Comme on le voit dans l'exemple ci-dessous, Caroline Fourest aborde des sujets difficiles autour du racisme et de la religion. Une phobie est une peur. L'islamophobie est donc la peur de l'islam, stupide, idiote, mais c'est un sentiment aussi incontrôlable que l'arachnophobie (la peur des araignées). On ne peut pas condamner quelqu'un parle qu'il a peur des zombies ou du noir !

En revanche, le racisme anti-musulman est condamnable. Il n'y a qu'une seule race, la race humaine. Interdire à un Palestinien de monter dans un bus ou insulter une femme parle qu'elle porte un voile est intolérable. 

Caroline Fourest propose de remplacer le "Oui je suis Charlie... Mais" par "Mais...oui", c'est-à-dire, "Mais non, je ne partage pas les critiques d'Internet de Riss dans son édito du 22 avril". "Oui, je suis ravie de recevoir Charlie chaque semaine".

Mais oui !

Il y a sans doute des erreurs dans cet essai, comme dans ce billet. Par exemple, il existe une application Charlie Hebdo sur l'Ipad, contrairement à ce Caroline Fourest écrit. En revanche, elle insiste sur la nécessité de lire correctement un dessin et de conserver le contexte de celui-ci à l'heure où un enfant de 5 ans peut modifier une image avec Gimp (ou Photoshop).

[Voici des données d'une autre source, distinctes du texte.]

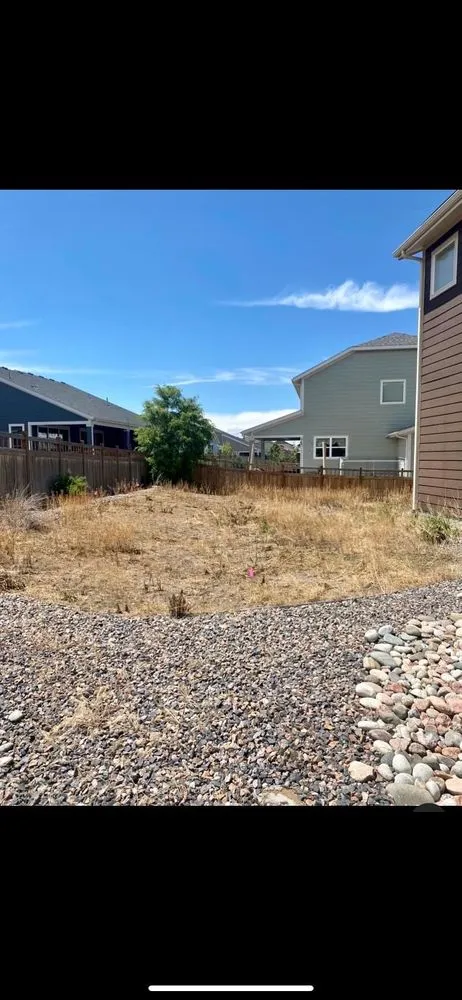 Professional yard cleanup service experts serving Brighton, CO - Carefree Landscaping Solutions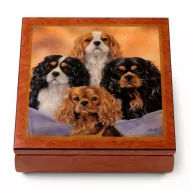 Vintage/Rare Musical Box featuring The Four Kings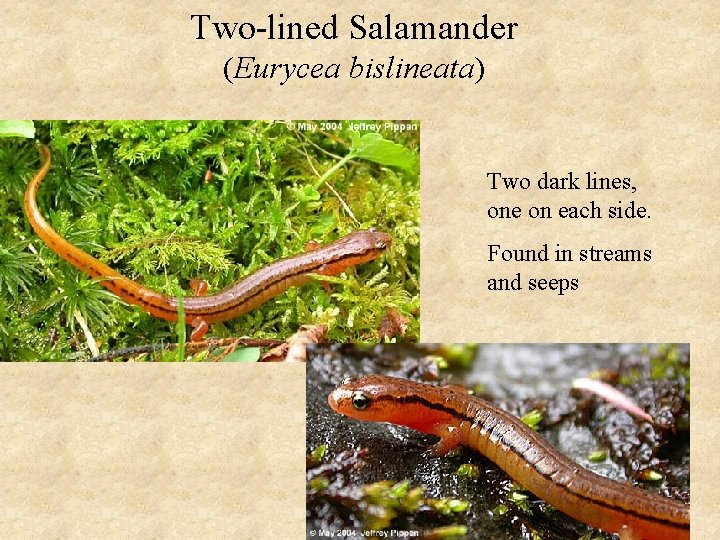 Two-lined Salamander (Eurycea bislineata) Two dark lines, one on each side. Found in streams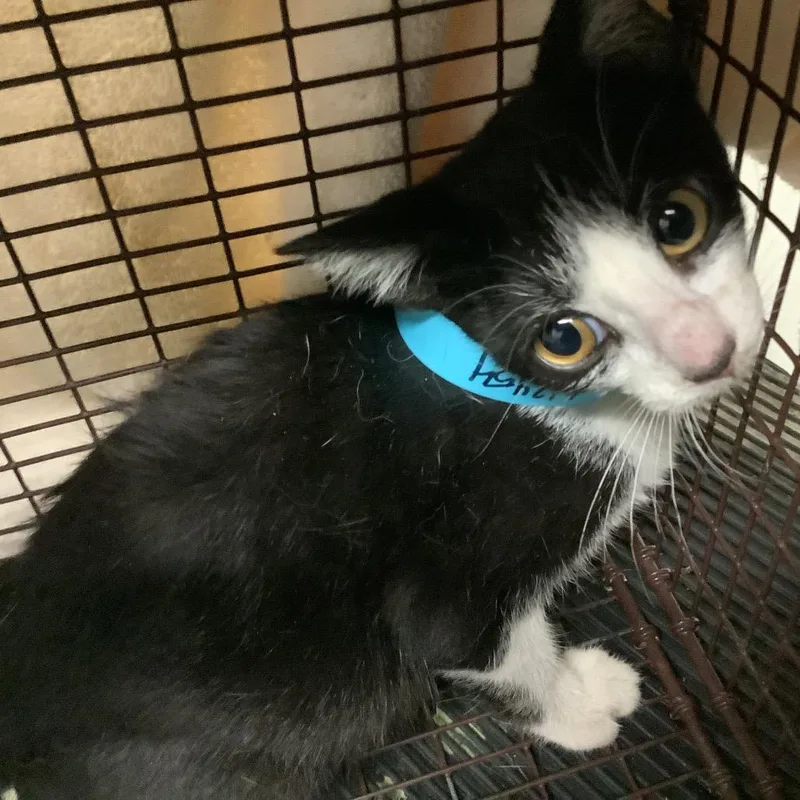 A baby small-sized female Black Domestic Short Hair cat named River for adoption in Long Beach, CA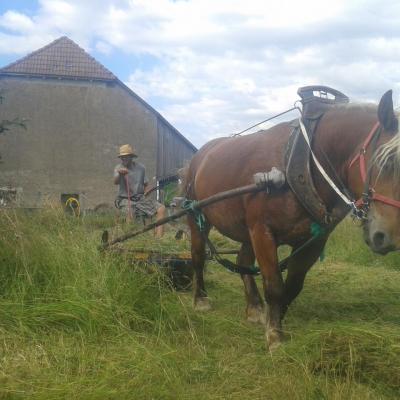 Coupe du foin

Les grandes chaînes de télévision anglo-saxones ont refusé de montrer des caricatures ? Il n'y a sans doute pas de quoi s'inquiéter pour la liberté d'expression, tant que n'importe qui pourra les trouver sur internet. En présentant une couverture de Charlie en mars dernier lors du congrès de l'Académie Astronautique internationale, elle a été accueillie par des rires? Pourquoi ? Les chercheurs présents, qu'ils viennent de Russie, d'Australie, du Japon ou des Etats Unis ont la culture et l'ouverture d'esprit nécessaires pour comprendre à la fois le contexte (la peur de l'extrême droite ou l'affaire de Roswell) et savoir lire le dessin.


Si les réseaux peuvent représenter un paramètre supplémentaire dans le débat sur la liberté d'expression, ce n'est pas un frein, au contraire ! 

Commentaires

Elisabeth a dit…
Merci !
Anonyme a dit…
Merci de m'avoir invitée à venir le lire. Je ne regrette pas le détour. Danièle.